HUTCHINSON, Kan. — Kansas State Senator Michael Murphy says the future of rural healthcare in Kansas could hinge on stalled legislation tied to the federal 340B Drug Pricing Program, a long-standing initiative designed to help hospitals and clinics stretch limited resources.
Murphy describes the 340B program as a decades-old federal effort requiring pharmaceutical manufacturers to provide discounted outpatient drugs to qualifying healthcare providers. The goal, he said, is to extend care for low-income and rural populations by allowing providers to reinvest savings into patient services.

“Clinics and hospitals, especially in rural areas, really depend on this,” Murphy said.
Rural impact and growing concerns
Murphy emphasized that many rural providers operate on extremely thin margins, often relying on 340B savings to offset uncompensated care. Without those savings, he warned, facilities could face serious financial strain.
“What it does is it allows them to recover some of that difference… and use that money,” Murphy explained, noting hospitals frequently treat patients who are unable to pay.
He added that some clinics operate on margins as low as one percent, leaving little room for financial disruption.
“If we don’t get this passed… we’re going to lose a rural clinic in Kansas,” Murphy said.
Dispute with pharmaceutical companies
At the center of the issue is a dispute over how discounted drugs are distributed. Murphy said some pharmaceutical companies have limited the number of pharmacies that can dispense 340B-priced medications, creating access challenges in rural areas where patients may rely on local or independent pharmacies.
That limitation, he said, undermines the program’s intent—particularly in geographically dispersed regions where patients cannot easily travel long distances for prescriptions.
Legislative roadblock
Murphy has pushed for legislation—Senate Bill 284—to address the issue by granting enforcement authority to the state, including the Kansas Attorney General. The bill passed the Kansas Senate with strong bipartisan support but has stalled in the Kansas House.
Murphy criticized House leadership for not bringing the bill to a vote, suggesting there is enough support among lawmakers for it to pass if debated.
“Get it out there on the floor and have the discussion. Whoever’s got the best argument wins,” Murphy said.
He also pointed to procedural moves, including an early adjournment, that prevented further debate on the issue.
What happens next
If the legislation does not advance during the current session, Murphy said lawmakers will have to reintroduce it next year.

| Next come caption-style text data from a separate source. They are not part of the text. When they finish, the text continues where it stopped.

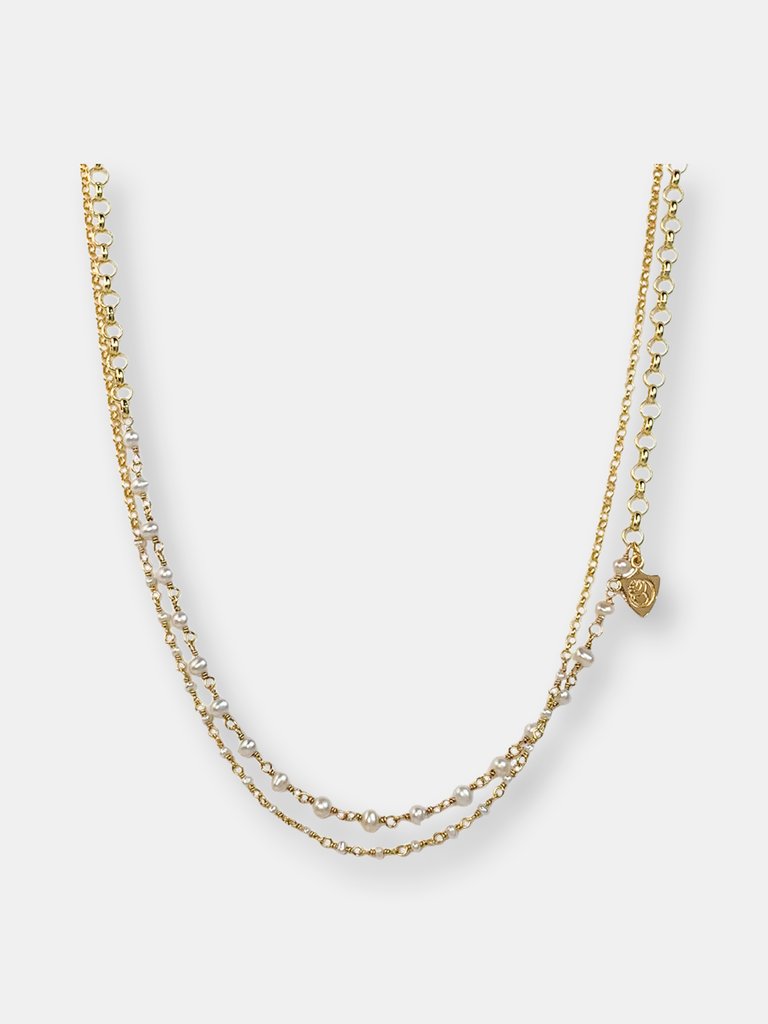 Mixed Pearl Layered Necklace - Gold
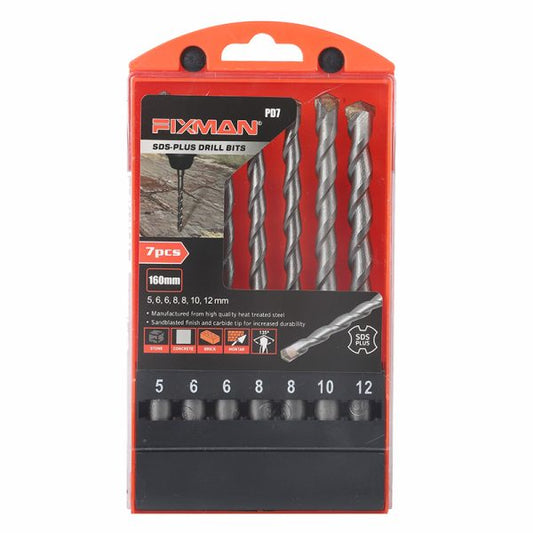 Juego de 7 Brocas SDS-Plus Fixman PD7 para Concreto | 160mm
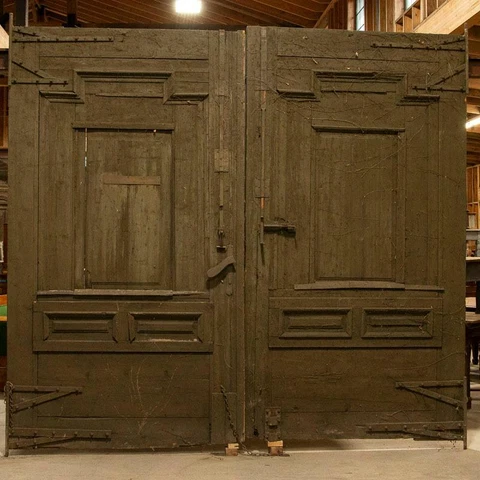 Antique Brown Painted Gate Doors, Grand Scale at 9' Wide Cover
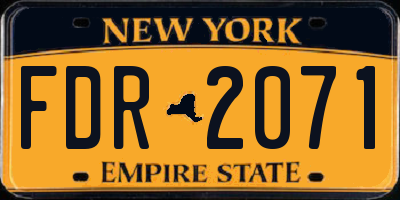 NY license plate FDR2071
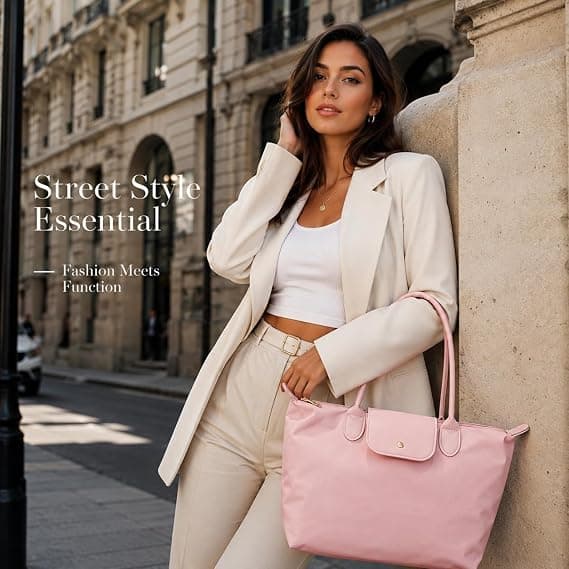 1 stk. stor Oxford-taske til kvinder - Let og foldbart design, pink, 40*14*29cm pink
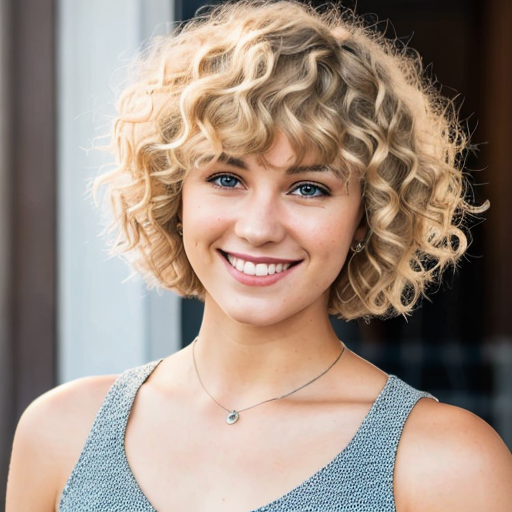 Woman with stylish short curly hair and bangs, smiling at the camera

“The only way I know is to get the bill passed,” he said, noting that without enforcement mechanisms, the state currently has little ability to compel compliance from drug manufacturers.
Murphy said similar laws have already been enacted in more than 20 states, following federal court rulings affirming state authority over drug distribution practices tied to the 340B program.
As the debate continues in Topeka, Murphy warned that delays could have real consequences for rural Kansans who rely on local healthcare providers.
“We’ve got no authority… no ability to do anything about it right now,” he said.